Book by: Edward J. Mastascusa, William J. Snyder, and Brian S. Hoyt
Review by: Nova Schauss
College of Engineering
Oregon State University

As the advising profession moves toward one of proactive and holistic support, advisors are increasingly expected to provide strategies to improve student learning and cognition. Advisors who work with students pursuing STEM majors will find this book particularly helpful in this regard. The authors delve into the educational experience encountered by STEM students related to teaching and learning, and present concrete strategies advisors can reference when working with students. Utilizing research and literature within the field of learning and cognition, this book is a collection of approaches particularly impactful for STEM educators and those who work peripherally with STEM students.

Advisors new to research surrounding learning and cognition will appreciate the pace at which the authors discuss various theories and pedagogical approaches. Readers therefore do not need prior knowledge of these concepts to follow along. However, advisors more experienced with learning theory may find parts of the book somewhat elementary or basic in structure; discussing Bloom’s Taxonomy before transitioning into cognitive strategies, for example. Similarly, some concepts are discussed in great detail when a simple explanation or sample scenario would have sufficed.

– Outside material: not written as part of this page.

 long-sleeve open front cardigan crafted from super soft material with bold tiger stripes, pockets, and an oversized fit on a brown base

The authors make it quite clear that their target audience is instructors of STEM courses. Consequently, STEM-related concepts are used to illustrate learning theory, models, and techniques. This approach may therefore require advisors less familiar with STEM concepts to stretch their current knowledge.

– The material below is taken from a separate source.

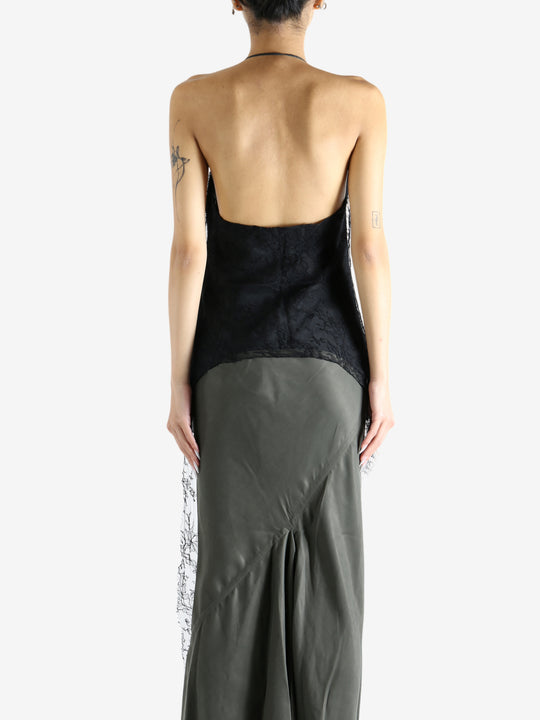 Black top worn by a person, showing the top's fit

Advisors who supervise academic coaching or tutoring programs, facilitate Supplemental Instruction, train TAs, or teach study skills courses will find this book particularly relevant to their daily work, and likely identify concrete learning strategies that can be easily integrated into their existing practice. The book is also highly applicable to advisors who work with STEM students in negative academic standing, as the authors use basic brain science (i.e. repetition develops stronger neuropathways which leads to greater understanding and long-term memory) to encourage students in the study of challenging STEM concepts.

Throughout the book, readers will find concrete learning strategies that can be introduced to students such as the positive impact of simulating the testing environment during exam preparation to improve retention and retrieval of information (pg. 131). Other concepts, such as problem based learning, will have limited application and primarily benefit advisors who teach technical courses.

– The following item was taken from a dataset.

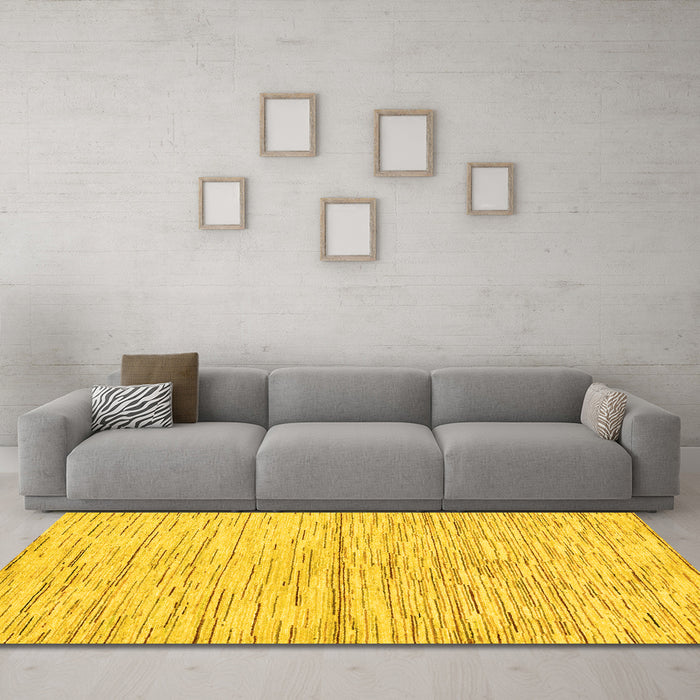 Machine Washable Solid Yellow Modern Rug in a Living Room, wshabs1544yw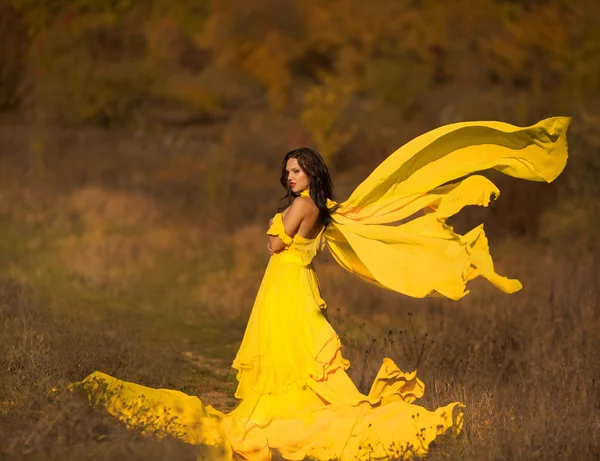 Beautiful girl in a yellow dress air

Tremendous attention is placed on the value of collaborative or group learning to improve cognition; however, the authors fail to discuss the way in which students with specific learning disabilities, such as autism spectrum, experience this pedagogical approach. The book lacks discussion about how instructors might differentiate learning to meet the needs of unique student populations. Advisors will therefore need to keep these student populations in mind when implementing strategies recommended by the authors.

Advisors seeking to increase their toolkit of STEM learning strategies will find this book to be a compilation of practical approaches that can be implemented in a traditional advising appointment, workshop setting, or classroom environment. This book could also serve as an excellent vehicle by which to connect STEM faculty and professional advisors with one another through a common read event, and create a platform for improving student success on a broad scale.